* Data block:
______
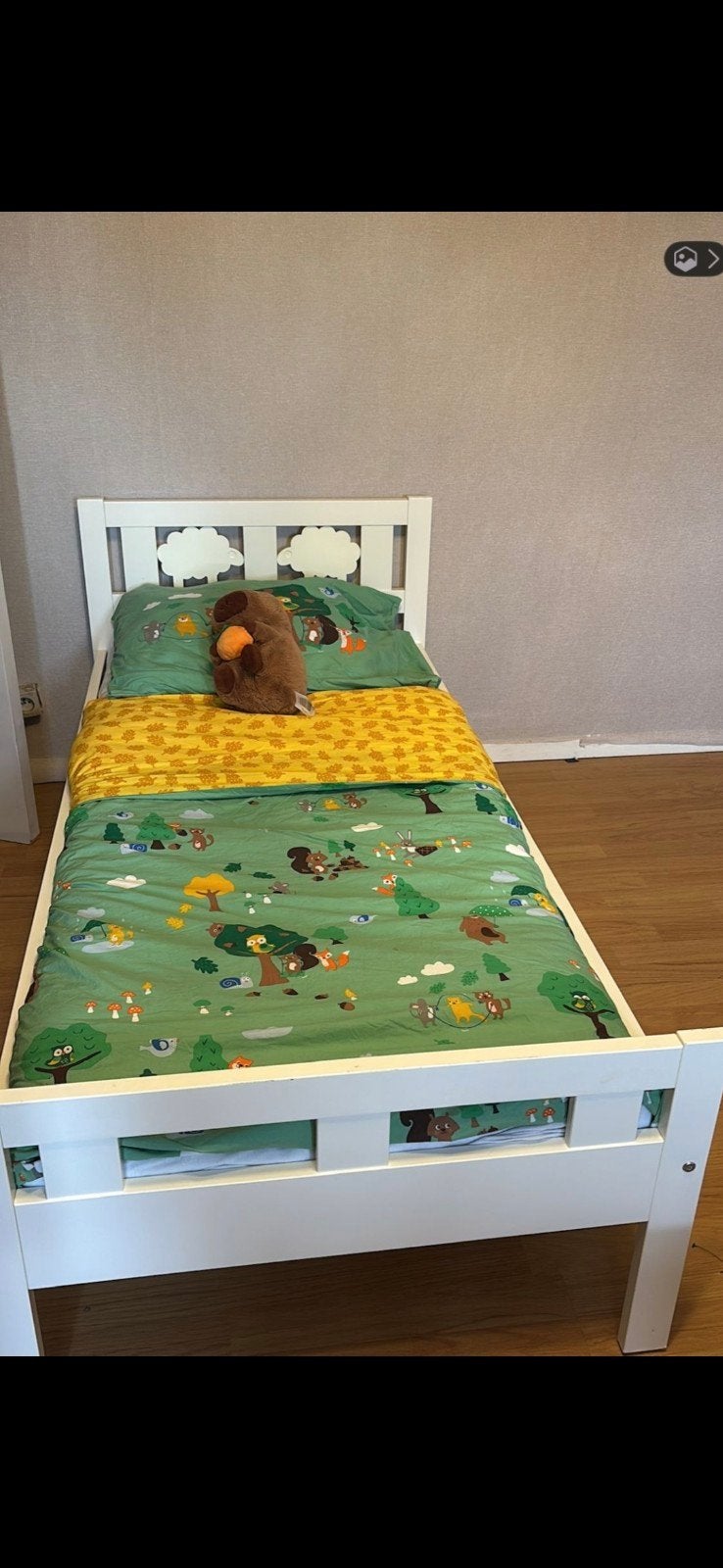 kinderbedje, Enlèvement, Utilisé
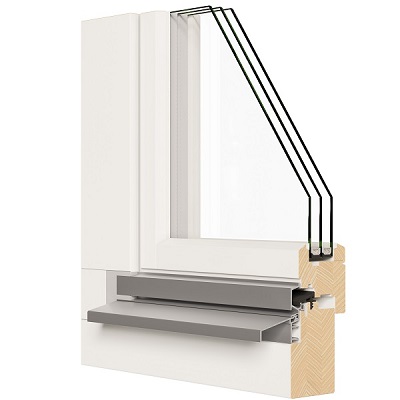 Holzfenster
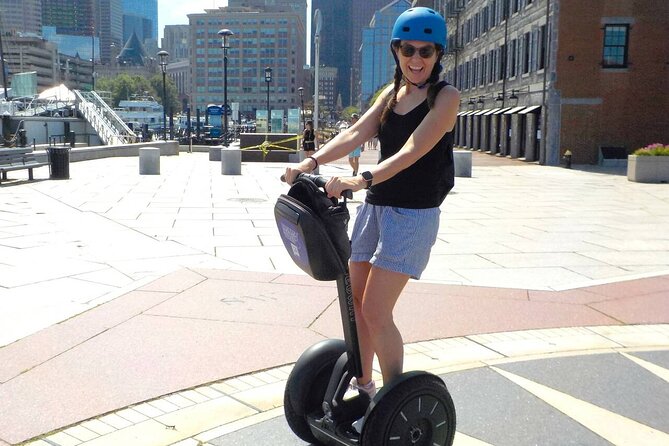 1 Hour Boston Segway Tour - A fast, lively introduction to Boston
______
Exclude all images and return the listing word for word.

 kinderbedje, Enlèvement, Utilisé
 Holzfenster
 1 Hour Boston Segway Tour - A fast, lively introduction to Boston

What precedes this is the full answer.